The Won60m will hardly make a dent in Samsung’s coffers, but it will come as something of an embarrassment for the company, which prides itself on its international stature and recent advances in corporate governance practices.

The Fair Trade Commission started investigating allegations of unfair subcontracting practices between Samsung and Semes, its semiconductor-making subsidiary.

However, in November last year, Samsung Electronics obstructed the inquiry by ordering Semes to destroy or fabricate some key documents, the FTC said in a statement. It also accused Samsung of “training” Semes employees to respond to the commission's questions.

It levied a Won20m fine against the company itself and the same amount against two directors.

Samsung declined to comment.

Earlier this month, Samsung Electronics, which is the world’s second-largest maker of liquid crystal displays, said it would consider significantly scaling back its multibillion-dollar investment in flat screens if profitability continued to slide while competition intensified.
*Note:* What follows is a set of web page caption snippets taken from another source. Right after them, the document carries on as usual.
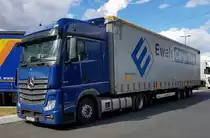 =MB Actros-Sattelzug der Spedition EWALS rastet im August 2020 an der A 3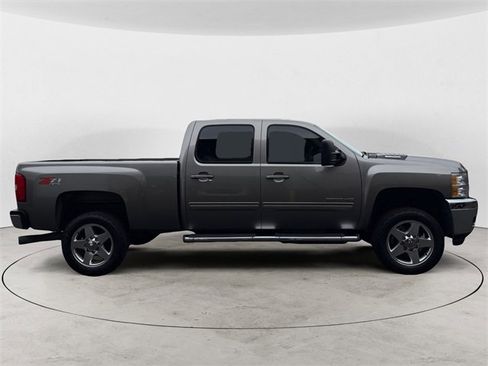 Used 2012 Chevrolet Silverado 2500 LTZ w/ Suspension Package, Off-Road image 6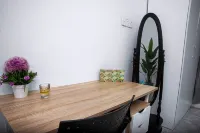 Cute and Cozy family home for short and long stays Hotels in Ga West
Tough trading conditions across all divisions – including handsets and semiconductors as well as LCDs – could cut the company’s total profits by as much as a fifth this year, Yun Jong-yong, its chief executive, told the FT.

The LCD sector has been plagued by over-supply and a lack of demand, but Samsung was considered to be holding up well, so doubts about its future in the industry are likely to have rattled competitors and investors alike.

However, Samsung Electronics was reported as saying that it had raised its projections for global LCD shipments, citing higher-than-expected demand for panels used in televisions and computers.